Redskins make contract offer to pass rusher Pernell McPhee, per report

Free agent pass rusher Pernell McPhee visited the Redskins on Monday, and by Tuesday night a report emerged that Washington offered the veteran outside linebacker a contract.

Last week, Trent Murphy signed with the Buffalo Bills and things remain uncertain between the Redskins and Junior Galette. That means the organization has a need for an edge rushing linebacker, and that's exactly the role McPhee can play. 

A 29-year-old that played the last three seasons with the Bears, McPhee posted 14 sacks while in Chicago. Prior to his time with the Bears, McPhee was a solid contributor on some good Ravens teams. 

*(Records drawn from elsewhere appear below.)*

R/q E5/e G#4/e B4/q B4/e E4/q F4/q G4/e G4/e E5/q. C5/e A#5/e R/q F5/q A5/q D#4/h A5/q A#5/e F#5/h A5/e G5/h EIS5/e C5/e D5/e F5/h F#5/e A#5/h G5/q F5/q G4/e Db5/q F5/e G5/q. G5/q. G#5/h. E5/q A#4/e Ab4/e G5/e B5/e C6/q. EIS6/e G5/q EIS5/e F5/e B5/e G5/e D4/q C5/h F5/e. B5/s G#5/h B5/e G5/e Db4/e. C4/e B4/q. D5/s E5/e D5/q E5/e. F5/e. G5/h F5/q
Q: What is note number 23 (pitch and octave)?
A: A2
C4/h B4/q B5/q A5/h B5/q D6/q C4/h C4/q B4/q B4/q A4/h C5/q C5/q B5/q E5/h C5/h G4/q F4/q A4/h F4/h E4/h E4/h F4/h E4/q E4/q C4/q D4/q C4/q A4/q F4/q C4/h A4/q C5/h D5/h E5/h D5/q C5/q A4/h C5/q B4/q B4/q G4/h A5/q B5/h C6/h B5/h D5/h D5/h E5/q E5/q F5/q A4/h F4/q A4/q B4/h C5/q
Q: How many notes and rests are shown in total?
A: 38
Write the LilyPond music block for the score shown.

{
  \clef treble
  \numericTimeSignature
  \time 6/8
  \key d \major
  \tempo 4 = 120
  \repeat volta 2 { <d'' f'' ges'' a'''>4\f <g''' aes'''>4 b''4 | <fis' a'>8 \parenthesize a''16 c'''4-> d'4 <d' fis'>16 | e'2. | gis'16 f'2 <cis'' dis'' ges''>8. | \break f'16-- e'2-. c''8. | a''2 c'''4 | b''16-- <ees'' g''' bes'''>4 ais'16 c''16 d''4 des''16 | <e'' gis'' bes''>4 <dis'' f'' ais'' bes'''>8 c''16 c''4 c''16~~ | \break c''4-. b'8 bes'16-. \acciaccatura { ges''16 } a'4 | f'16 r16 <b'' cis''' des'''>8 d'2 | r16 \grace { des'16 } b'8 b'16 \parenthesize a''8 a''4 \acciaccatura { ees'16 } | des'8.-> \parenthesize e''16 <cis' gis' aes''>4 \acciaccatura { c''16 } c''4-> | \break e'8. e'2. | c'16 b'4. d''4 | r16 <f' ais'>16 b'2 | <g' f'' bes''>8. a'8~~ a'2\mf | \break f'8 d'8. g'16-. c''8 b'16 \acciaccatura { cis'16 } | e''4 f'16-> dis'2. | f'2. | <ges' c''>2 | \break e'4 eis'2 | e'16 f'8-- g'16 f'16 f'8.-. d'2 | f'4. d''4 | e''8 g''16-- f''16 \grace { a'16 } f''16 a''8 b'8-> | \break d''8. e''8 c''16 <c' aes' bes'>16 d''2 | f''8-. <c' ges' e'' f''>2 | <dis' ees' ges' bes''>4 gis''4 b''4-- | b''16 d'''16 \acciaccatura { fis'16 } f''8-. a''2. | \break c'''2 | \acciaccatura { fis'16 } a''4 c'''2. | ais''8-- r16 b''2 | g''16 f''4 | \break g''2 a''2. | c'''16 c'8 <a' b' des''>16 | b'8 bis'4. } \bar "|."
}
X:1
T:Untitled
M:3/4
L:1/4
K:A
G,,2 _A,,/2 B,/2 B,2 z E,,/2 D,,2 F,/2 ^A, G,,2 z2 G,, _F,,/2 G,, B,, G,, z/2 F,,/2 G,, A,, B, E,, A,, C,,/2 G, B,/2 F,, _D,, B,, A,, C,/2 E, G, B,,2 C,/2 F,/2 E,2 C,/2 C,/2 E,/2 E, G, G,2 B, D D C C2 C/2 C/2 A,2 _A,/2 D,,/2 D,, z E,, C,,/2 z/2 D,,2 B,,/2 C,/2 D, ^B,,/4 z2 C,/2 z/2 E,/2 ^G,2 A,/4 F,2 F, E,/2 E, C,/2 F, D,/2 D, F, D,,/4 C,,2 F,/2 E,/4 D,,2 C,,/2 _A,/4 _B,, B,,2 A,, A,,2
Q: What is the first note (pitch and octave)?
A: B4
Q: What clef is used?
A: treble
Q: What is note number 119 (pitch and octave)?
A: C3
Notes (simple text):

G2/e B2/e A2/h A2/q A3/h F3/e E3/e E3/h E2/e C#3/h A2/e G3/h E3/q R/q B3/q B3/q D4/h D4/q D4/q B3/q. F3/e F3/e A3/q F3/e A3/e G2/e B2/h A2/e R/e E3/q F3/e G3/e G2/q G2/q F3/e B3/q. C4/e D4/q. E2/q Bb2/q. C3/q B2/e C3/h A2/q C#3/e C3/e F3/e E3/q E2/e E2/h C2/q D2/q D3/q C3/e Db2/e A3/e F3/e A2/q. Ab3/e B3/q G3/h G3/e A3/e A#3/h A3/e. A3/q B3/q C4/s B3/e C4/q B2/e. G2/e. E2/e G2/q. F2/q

His best season in Baltimore came in 2014 when he posted 7.5 sacks. That's also the last season McPhee played a full 16 game schedule. He's missed 12 games over the last three years in Chicago. 

McPhee could provide the Redskins with solid veteran depth at outside linebacker, and he's also considered a plus defender against the run. With Ryan Kerrigan and Preston Smith cemented as the starting outside linebackers, if signed, McPhee would pair up with Ryan Anderson on Washington's second unit. At 6-foot-2 and 275 lbs., McPhee carries more weight on his frame than either Kerrigan or Smith. 

Pro Football Focus gave McPhee a strong grade for the 2017 season. He notched a +11.5 and ranked 13th out of 46 outside linebackers graded. For comparison, Broncos star Von Miller ranked 1st at +57, Kerrigan ranked 8th at +22.9 and Galette ranked 10th at +16.2.

It's unclear what a move for McPhee would mean between the Redskins and Galette, but it's hard to imagine it helps.

Free agent Johnathan Hankins also visited Washington on Monday, and while he plays an interior defensive line position different from McPhee, it's also unclear what this offer would do to any negotiations between the Redskins and Hankins.